Religious intolerance has become too much a part of modern life. It is a fact of life, though, that good people, of whatever faith, do not poke fun or try to insult one another's religion.

On the contrary, we find that real people of faith are keen to get to know each other better and to learn from each other. Goodness, wherever it is to be found, comes from God. Where else would it come from?

We should never feel threatened by goodness. It is only a threat to us when our own faith is weak or lukewarm and it shows up our own shortcomings.

Since the very beginning, Islam has taught respect for the beliefs of others. We see it in the teaching and the practice of Islam right through history. Indeed, it is the sign of a Muslim that he or she respects the religion of others, and their Books and their Prophets. Those who teach otherwise, Muslim or not, are distorting the message of Islam.

Muslims are no more or less perfect than anyone else. They believe, though, that the message they follow is a perfect message and is meant for the whole of mankind.

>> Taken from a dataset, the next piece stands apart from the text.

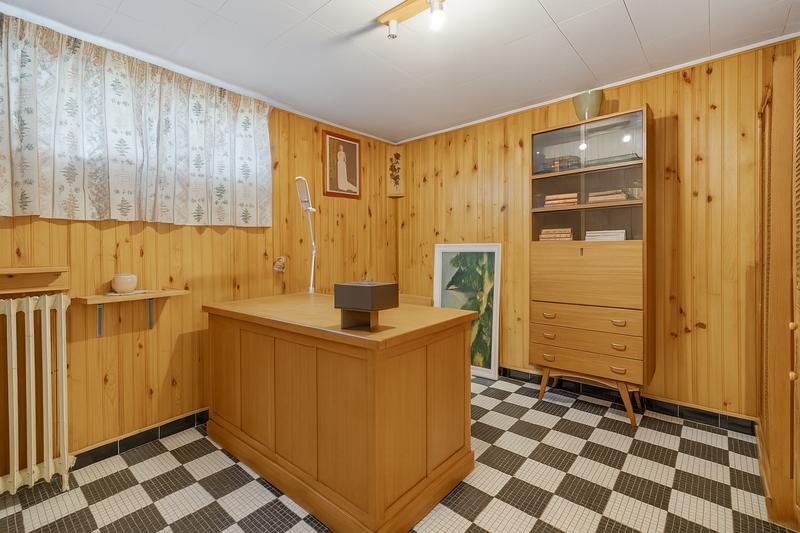 Maison - 112 m² - 5 pièces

Islam is perfect and it has existed since the beginning of time.

Whilst some Muslims, throughout history, have not always lived up to the beauty of its message, Islam itself has nothing whatever to be ashamed of.

It is an absolute basic belief of Islam, though, that people of other religions should be free to believe whatever they wish. In the Quran, which Muslims believe to be the word of God, we read:

Let there be no compulsion in religion: Truth stands out clear from error: Whoever rejects Satan and believes in Allah hath grasped the most trustworthy handle, that never breaks, and Allah heareth and knoweth all things. (Al-Baqarah 2:256)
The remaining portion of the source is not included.